Overall, the CFAs have made a major positive contribution to the development of NGOs in Bangladesh. Several of these NGOs are known as world-wide leaders in this sector and their concepts and practices have been adopted by others within the country and internationally. However, the CFAs have so far missed the opportunity to maximise their contribution, by acting largely independently of one another. In recent years, some progress has been made in this respect. Nevertheless, the degree of cooperation between the CFAs on specific issues of common interest, such as credit management, overlapping membership of NGOs and the future of federated systems, could be further strengthened to the benefit of all parties.


The Royal Netherlands Embassy

In recognition of the quality and effectiveness of their programmes, some Bangladeshi NGOs are now receiving funds direct from the Ministry through the Embassy.
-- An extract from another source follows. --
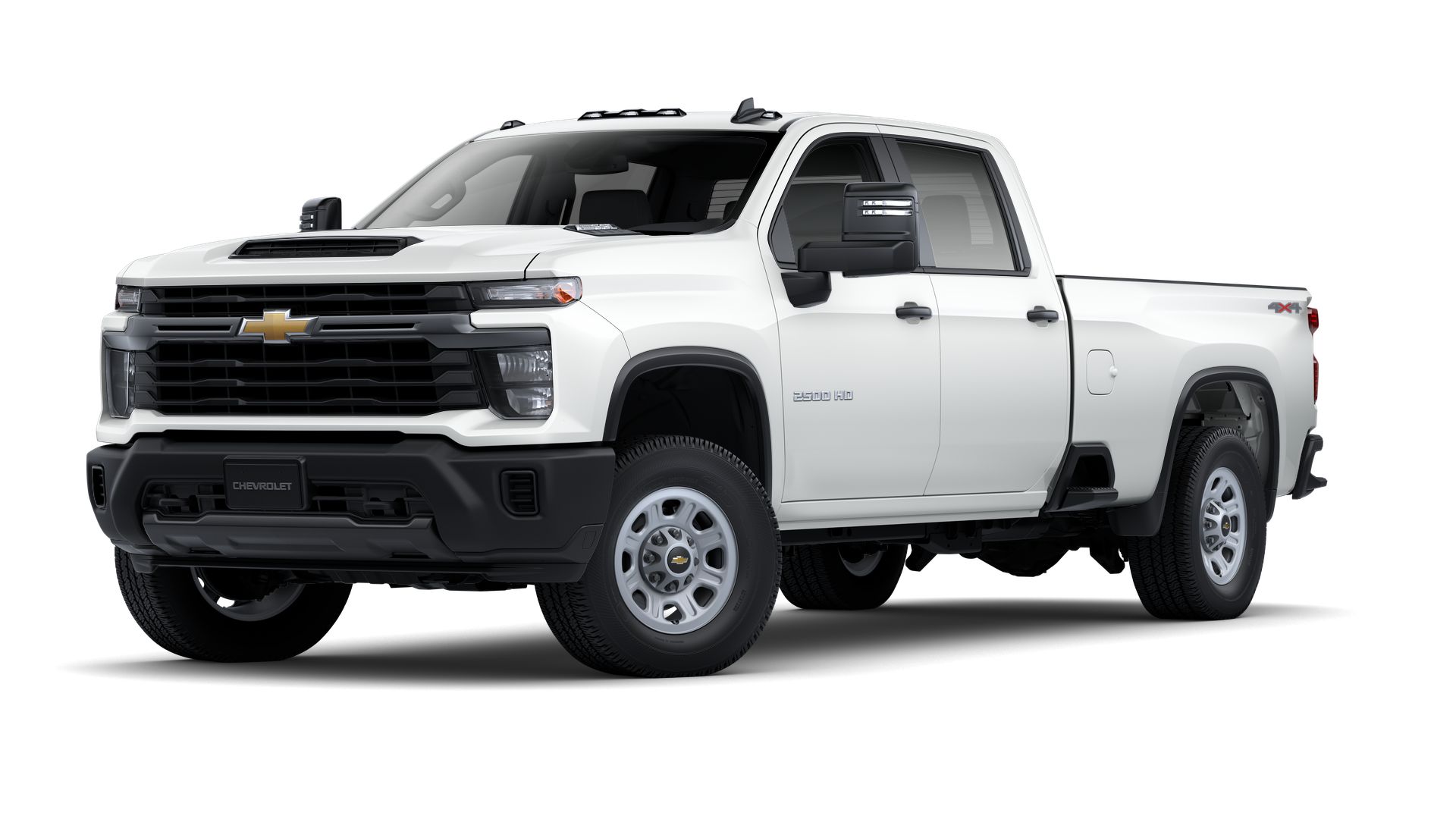 2025 Chevrolet Silverado 2500 HD Vehicle Photo in AUSTIN, TX 78759-4154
The major example is the BRAC Non-Formal Primary Education Programme, which is funded directly through the Embassy. There are also large-scale programmes in the health sector.

Another modality of direct funding is the involvement of some NGOs in the implementation of specific components of bilateral projects. The water sector is the major one in which this has occurred with Netherlands-Assisted Projects in Bangladesh. This type of cooperation is not always successful, largely because NGOs often have to accept project designs in which they have had no planning role. In certain instances, there may also be a perceived conflict of interest between the poor target group and the manner in which a project is being implemented.

The Embassy also has an Embassy Small Fund and a Women´s Fund at its disposal. These are used flexibly, notably to support women´s projects and activities in the water sector.

The posting of additional sector specialists has intensified the communication between the Embassy and the NGOs, and the Embassy is increasingly taking the initiative to involve NGOs in the implementation of bilateral programmes.

To date, NGOs have a mixed reaction to this increasing involvement. Some note that, although Embassy staff are locally-based, they often appear to have such substantial workloads that they are unable to visit the field for any meaningful period of time. Furthermore, they observe that Embassy specialists have a rapid turnover (mostly within 3 to 5 years) and that relatively little experience and knowledge is passed from one incumbent to the next.

The NGOs therefore often encounter a discontinuous and sometimes contradictory relationship with Embassy specialists, which they compare unfavourably with the long term, mutually supportive and cumulative relationship established with their CFA partners.

However, some smaller NGOs indicated that they have been offered more assistance in such areas as training and accountancy from the Embassy than is available to them from CFAs.